The United States and Vanuatu established diplomatic relations on September 30, 1986 – three months to the day after Vanuatu had established diplomatic relations with the Soviet Union. Relations were often tense in the 1980s, under the prime ministership of Father Walter Lini in Vanuatu, but eased after that. At present, bilateral relations consist primarily in US aid to Vanuatu, and are cordial.

==1980s==

===Early relations and tensions===
Vanuatu obtained independence from France and the United Kingdom in 1980, and, under the leadership of Prime Minister Walter Lini, set out to establish its own foreign policy as a newly independent State. Lini, an Anglican pastor, forged the doctrine of Melanesian socialism, and based his government's foreign policy on non-alignment and on support for independence movements around the world – from faraway Western Sahara to neighbouring New Caledonia. Vanuatu in the 1980s was unique in Oceania in that it resisted alignment with the Western bloc in the dying stages of the Cold War. The country joined the Non-Aligned Movement in 1983 and established official diplomatic relations with Cuba (1983) and the Soviet Union (June 1986) before doing the same with the United States (September 1986). Vanuatu maintained cordial relations with countries in both East and West.
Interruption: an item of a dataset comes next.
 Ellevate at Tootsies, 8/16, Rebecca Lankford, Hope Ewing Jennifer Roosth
In 1986, Vanuatu condemned the 1986 bombing of Libya by the United States. Lini wrote to Colonel Muammar Gaddafi to express his condolences, notably at the death of Gaddafi's 15-month-old daughter, and his dismay that "innocent lives have been taken by the bombs of a superpower". Barak Sopé added that "the United States were wrong, they behaved as terrorists and aggressors", and that "the CIA is involved in all sorts of similar activities. In Nicaragua, the Americans are supporting terrorists."
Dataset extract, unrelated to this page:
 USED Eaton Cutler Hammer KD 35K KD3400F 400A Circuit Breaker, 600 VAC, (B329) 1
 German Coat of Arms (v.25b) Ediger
These statements marked the lowest point in U.S.–ni-Vanuatu relations.

In January 1987, Prime Minister Walter Lini and Foreign Affairs Minister Sela Molisa visited Washington, D.C. Lini had been scheduled to meet President Ronald Reagan, but was struck down by cerebral hemorrhage shortly after arriving in the United States. Instead, Molisa met U.S. Secretary of State George Shultz. The two men primarily discussed Soviet–ni-Vanuatu relations, which were of concern to the U.S. government, and sought to build friendship between the United States and Vanuatu. Shultz declared that the meeting had been "cordial", while Molisa praised his knowledge of Pacific issues. In April, Vanuatu authorised U.S. vessels to fish in the ni-Vanuatu Exclusive Economic Zone, alongside Soviet ships. In May, Vernon A. Walters, U.S. ambassador to the United Nations, visited Vanuatu.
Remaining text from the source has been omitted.